**Your task**
Copy all records verbatim, images excluded.

(Image-caption web data)
= Beginning of Section =

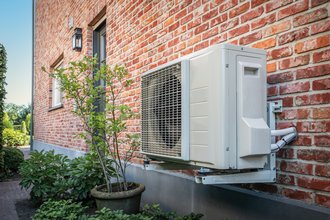 Luft-Luft-Wärmepumpe zur Kühlung oder Heizung des Hauses. Outdoor-Einheit mit erneuerbarer Energie, aufgehängt an einer Ziegelmauer Wand eines Einfamilienhauses.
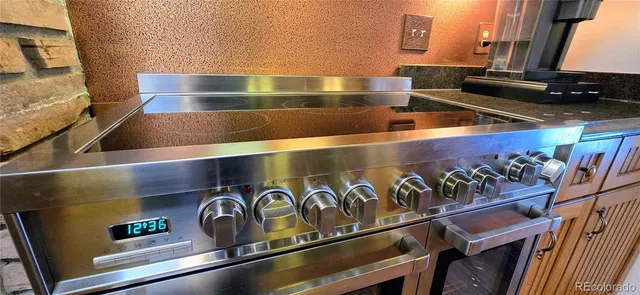 a stove top oven sitting inside of a kitchen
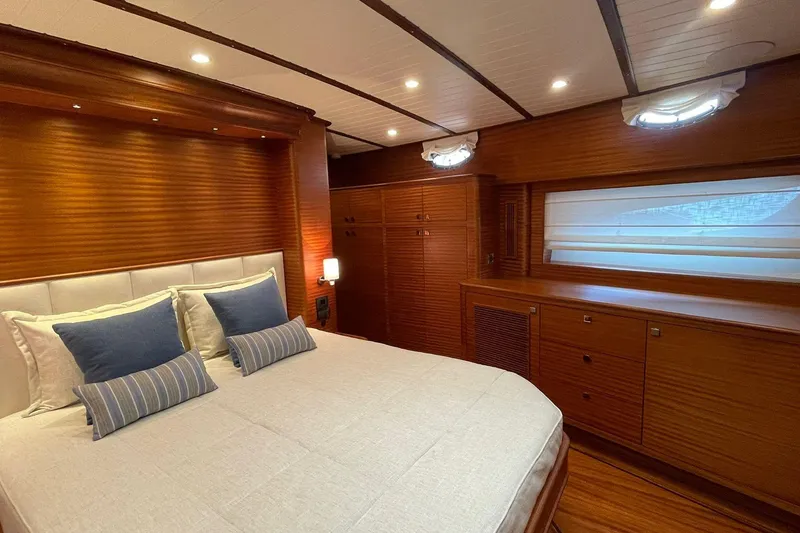 Slide: The Image of Luxurious bedroom interior of 2027 Vicem 62 Flybridge yacht with wooden finishes. - 9
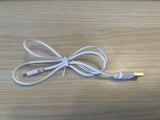 White USB charging cable for Thermal Neck Lifting And Massager from Petra store on wooden surface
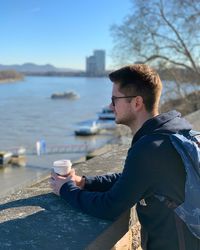 Side view of young man looking away while holding coffee cup in city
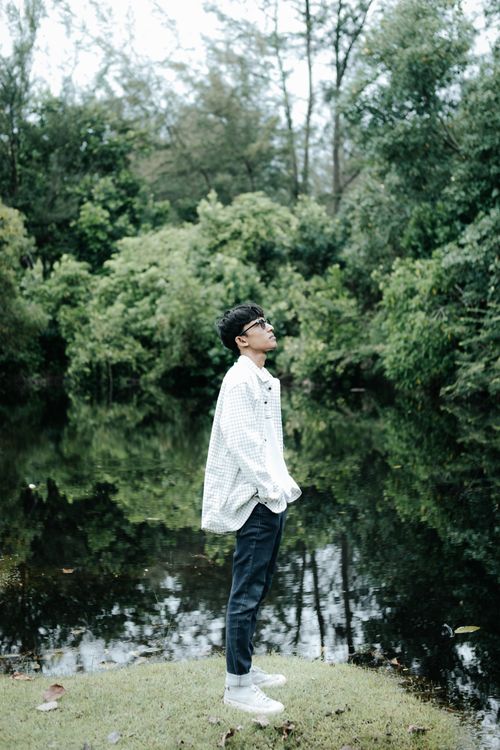 Free Man standing in a serene park by a tranquil pond, immersed in nature. Stock Photo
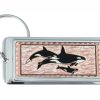 Rectangular silver-plated keychains decorated with copper killer whales artwork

= End of Section =

**Output**
 Luft-Luft-Wärmepumpe zur Kühlung oder Heizung des Hauses. Outdoor-Einheit mit erneuerbarer Energie, aufgehängt an einer Ziegelmauer Wand eines Einfamilienhauses.
 a stove top oven sitting inside of a kitchen
 Slide: The Image of Luxurious bedroom interior of 2027 Vicem 62 Flybridge yacht with wooden finishes. - 9
 White USB charging cable for Thermal Neck Lifting And Massager from Petra store on wooden surface
 Side view of young man looking away while holding coffee cup in city
 Free Man standing in a serene park by a tranquil pond, immersed in nature. Stock Photo
 Rectangular silver-plated keychains decorated with copper killer whales artwork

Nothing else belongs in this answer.